#### TASK DATA
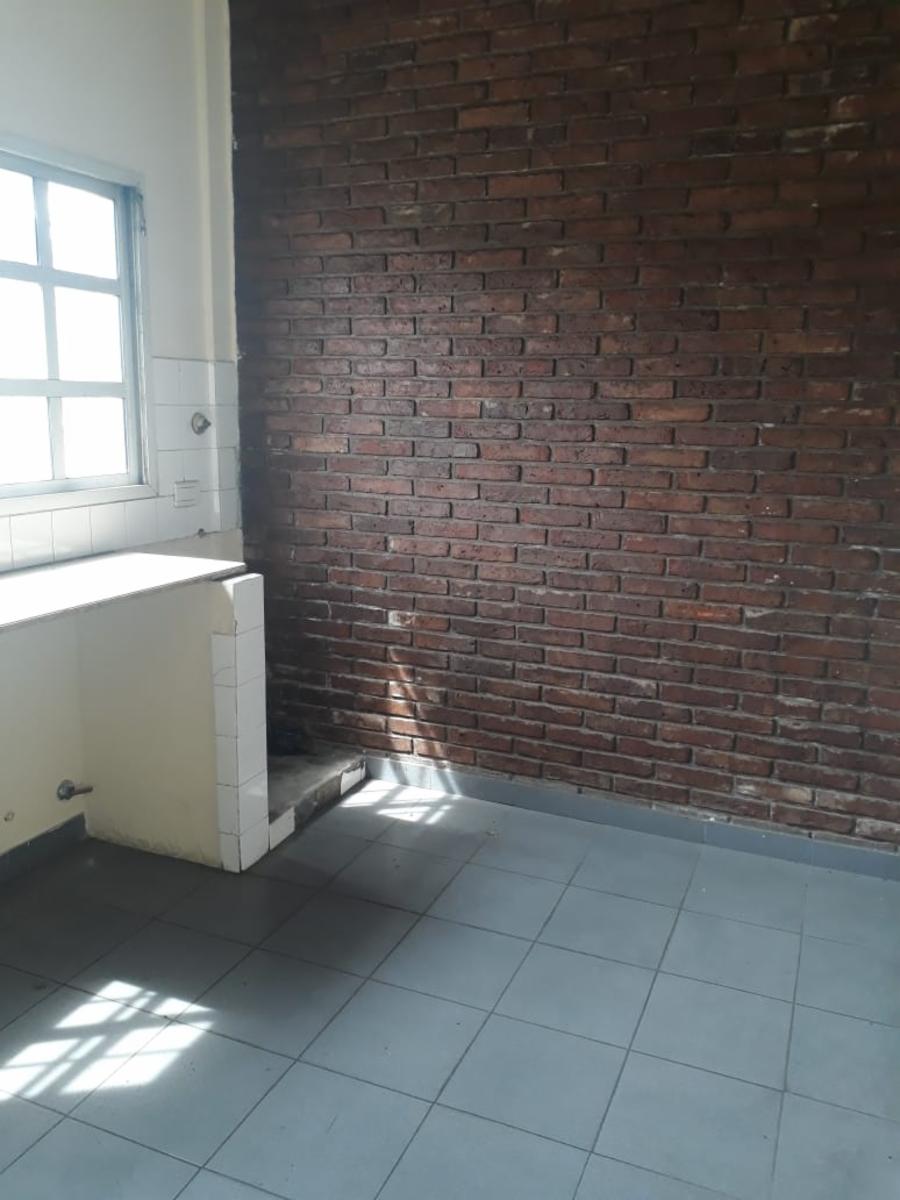 Intendente Doctor Martín González 1029 · Almirante Brown — foto 4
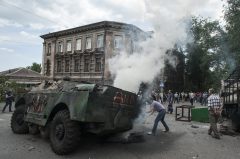 Ukrainian troops drive rebels out of Mariupol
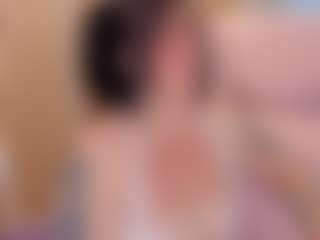 Gin MILF webcam performer live streaming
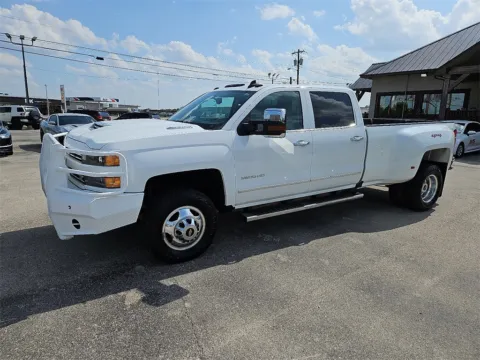 Photos of 2018 Chevrolet Silverado 3500HD LTZ for sale in Abilene, TX at Vincent Motor Company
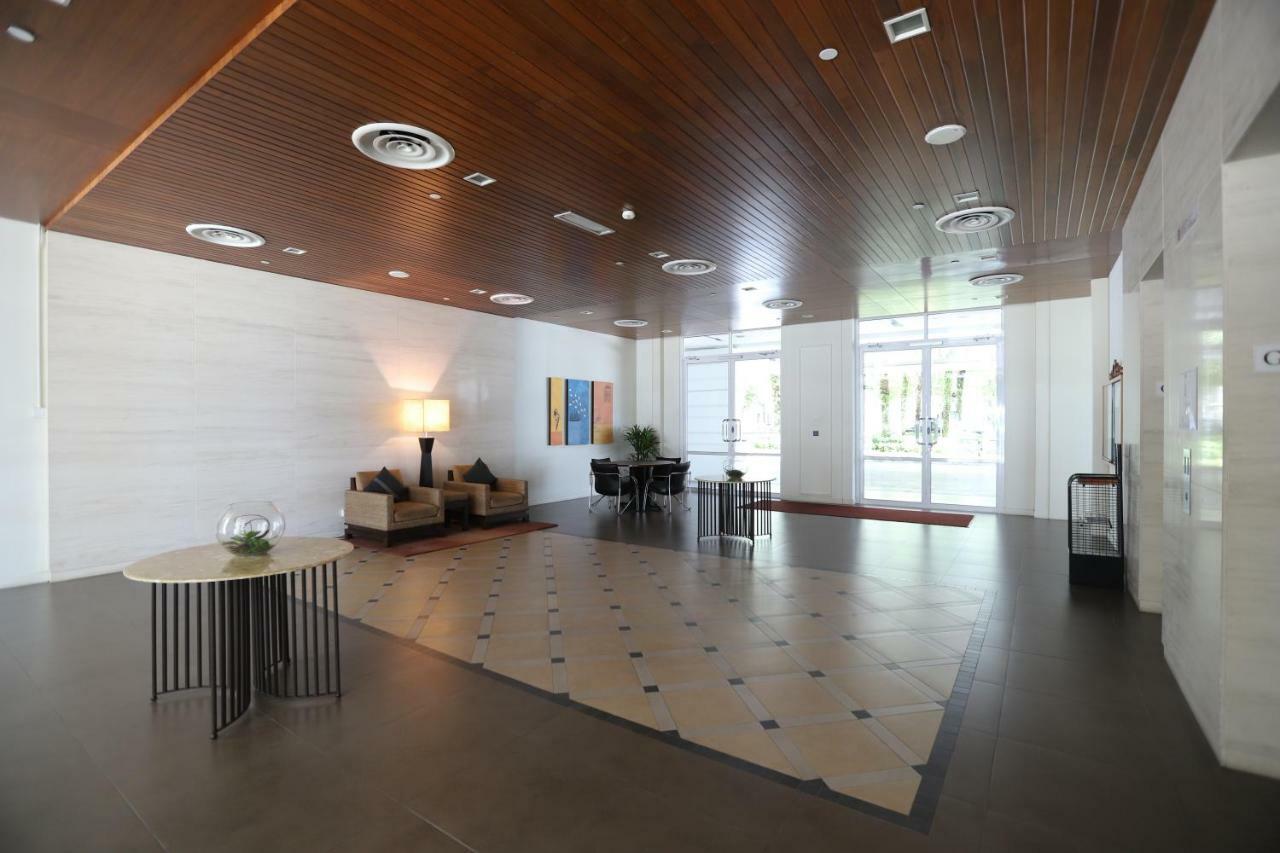 The Straits Quay Marina By Messina Clive Appartement George Town Buitenkant foto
########
| EXERCISE REQUIREMENTS |
In the copy, include each entry exactly as written and none of the pictures.

| WRITTEN RESPONSE |
 Intendente Doctor Martín González 1029 · Almirante Brown — foto 4
 Ukrainian troops drive rebels out of Mariupol
 Gin MILF webcam performer live streaming
 Photos of 2018 Chevrolet Silverado 3500HD LTZ for sale in Abilene, TX at Vincent Motor Company
 The Straits Quay Marina By Messina Clive Appartement George Town Buitenkant foto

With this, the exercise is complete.